Temor empresarial por el ambientalismo «antiproductivo»

Diversas cámaras empresarias consultadas por Ámbito consideraron que la imposición de una agenda ambiental «sin visión productiva» genera «temor, incertidumbre, y freno a inversiones en proyectos de largo plazo»

La prohibición de actividades productivas con potencial exportador promovidas por el Ministerio de Ambiente genera fuertes internas dentro del Gobierno y encendió todas las alarmas en el sector empresarial. El primero en alzar la voz fue el Consejo Agroindustrial, al criticar el “posicionamiento parcial” de la cartera de Juan Cabandié, donde ponen en discusión lo que llaman “modelo hegemónico de desarrollo”. Diversas cámaras empresarias consultadas por Ámbito consideraron que la imposición de una agenda ambiental “sin visión productiva” genera “temor, incertidumbre, y freno a inversiones en proyectos de largo plazo”.

Empresarios siguieron de cerca dos acontecimientos que se sucedieron en la misma semana: en Tierra del Fuego, se prohibió la salmonicultura, una actividad que en Chile genera 5.000 dólares de exportación, más de lo que Argentina le exportó a Brasil, su principal socio comercial, en lo que va del año (según el Indec). Este jueves, Cabandié visitó la provincia. El ministro considera que la medida lo “llena de orgullo” y que Argentina tiene que “celebrar” haber sido “líder en el mundo” en la prohibición de esta actividad.

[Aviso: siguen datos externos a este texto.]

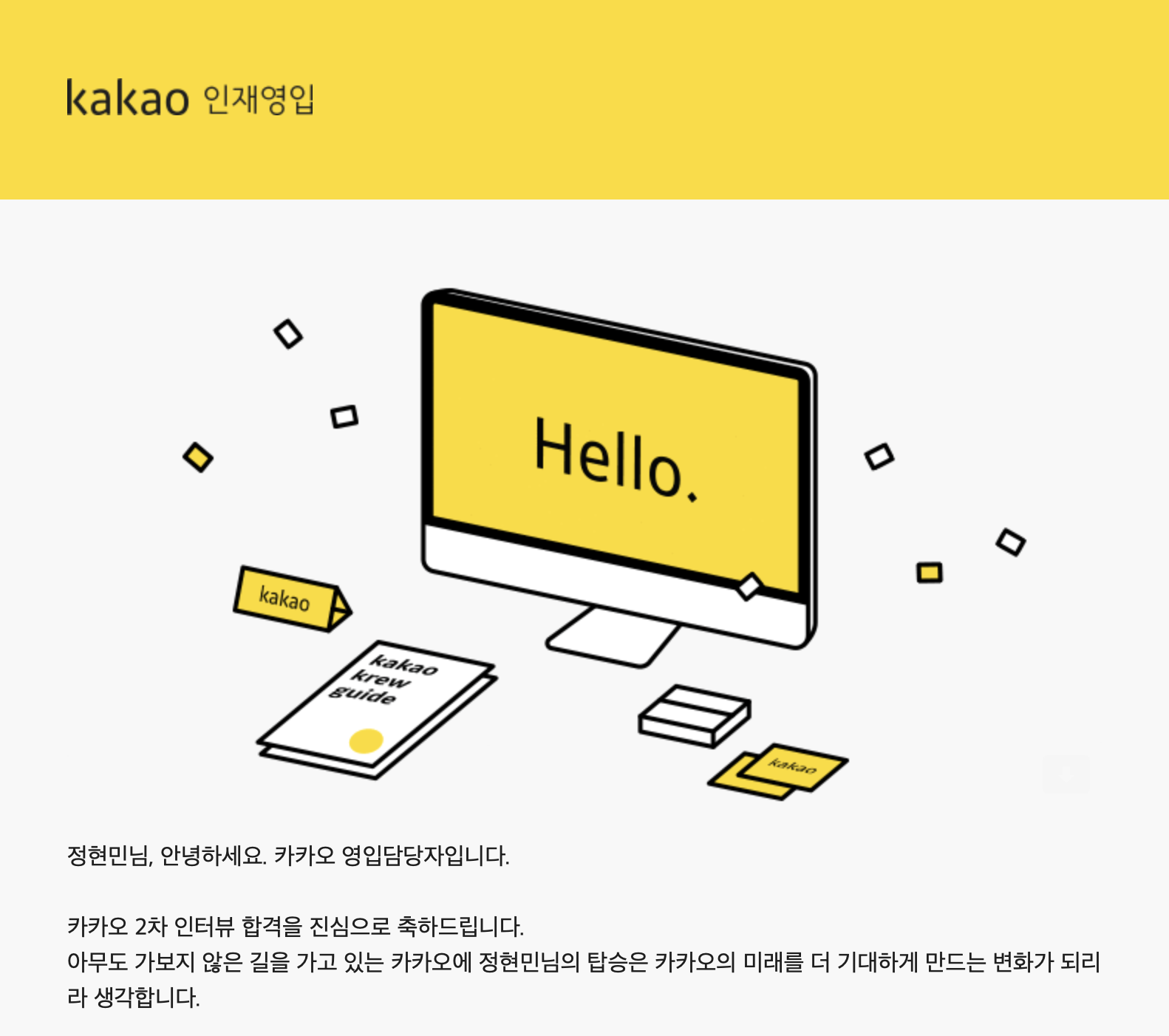 합격 메일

El otro acontecimiento fue la decisión del Ministerio de Ambiente de que no se aprobarán más permisos para la exploración de petróleo en las costas del mar argentino, una actividad que promueve la Secretaría de Energía, que depende del Ministerio de Economía, y la cual generaba interés en diversas empresas, incluida la estatal YPF. Equinor, uno de los gigantes del sector offshore, analiza frenar las inversiones en el país. El año pasado, Cabandié había criticado Vaca Muerta, al decir que “es inconcebible” lo que ocurre allí.

El empresariado conoce y comparte la mirada de Matías Kulfas, ministro de Desarrollo Productivo, en estos temas, dado que el economista la expresó públicamente. Esta semana, en una entrevista radial, aseguró que prohibir actividades productivas “es una decisión equivocada”, y por el contrario promueve una tercera vía, a través de regulaciones y tecnologías amigables con el medio ambiente. En privado, en reuniones con cámaras empresarias, como tuvo la semana pasada con los metalúrgicos de Adimra, les pidió a los empresarios que sean “aliados” en salir a militar por un desarrollismo verde.

Pese a conocer la visión de Kulfas la hegemonía que hay dentro del Ministerio de Desarrollo Productivo, consideran que no hay una “conducción” dentro del Poder Ejecutivo, por lo que aseguran que es una “incertidumbre” qué modelo se va a imponer.

Los primeros en alzar la voz fueron los ejecutivos del Consejo Agroindustrial, el campo que dialoga con el Gobierno. El motivo fue la Ley Yolanda, aprobada por el Congreso, que establece la capacitación de todos los funcionarios en temas de ambiente. Entre los lineamientos, que le llegarán a todos los trabajadores del sector público, se establece que hay que discutir el “modelo hegemónico de desarrollo, anclado en la expansión del mercado como ideología”. El contenido de la capacitación pide “transformar el modelo de producción”. Desde el Consejo Agroindustrial pidieron una audiencia y serán recibidos la semana que viene por el Ministerio de Ambiente. Consideran que esta mirada “expone que el saber científico no es relevante”.

Fuentes de la Unión Industrial Argentina (UIA) contaron a este diario que siguen de cerca estos temas y ven al gobierno “fraccionado”. Aseguran que Argentina tiene mucho para avanzar en la agenda verde, pero sin “mirada prohibitiva”. De hecho, temen que la minería de litio, la gran apuesta del Gobierno para la cual trabaja en dos proyectos de ley, sea la nueva “papelera Botnia”, y termine vedada por el “ambientalismo más extremo e ingenuo”.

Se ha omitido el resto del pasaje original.